AIM OF THE TASK =>
Your job is to set down the stretch of entries that opens with the line containing "Mariah Carey posts" and closes with the line containing "2025 Genesis G90". Keep both end lines, copy each exactly, and add nothing.

RECORDS FOR THE TASK =>
# # # #
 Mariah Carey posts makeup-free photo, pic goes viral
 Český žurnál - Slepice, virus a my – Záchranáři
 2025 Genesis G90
# # # #
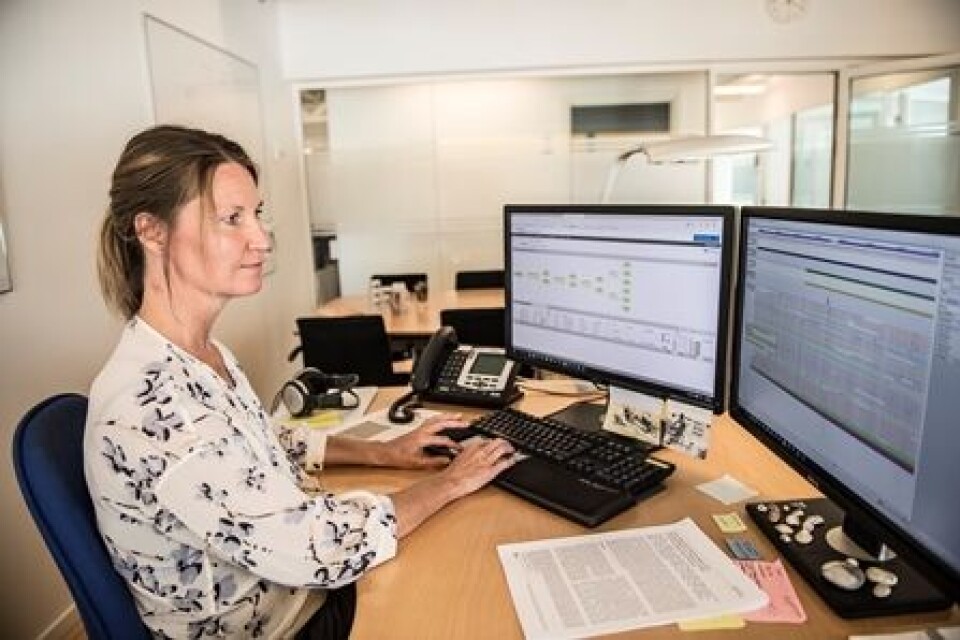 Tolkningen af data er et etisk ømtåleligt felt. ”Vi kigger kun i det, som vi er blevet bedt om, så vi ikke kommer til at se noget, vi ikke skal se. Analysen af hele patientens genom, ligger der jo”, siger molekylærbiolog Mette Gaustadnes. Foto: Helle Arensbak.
# # # #
ANSWER TO THE PROBLEM =>
 Mariah Carey posts makeup-free photo, pic goes viral
 Český žurnál - Slepice, virus a my – Záchranáři
 2025 Genesis G90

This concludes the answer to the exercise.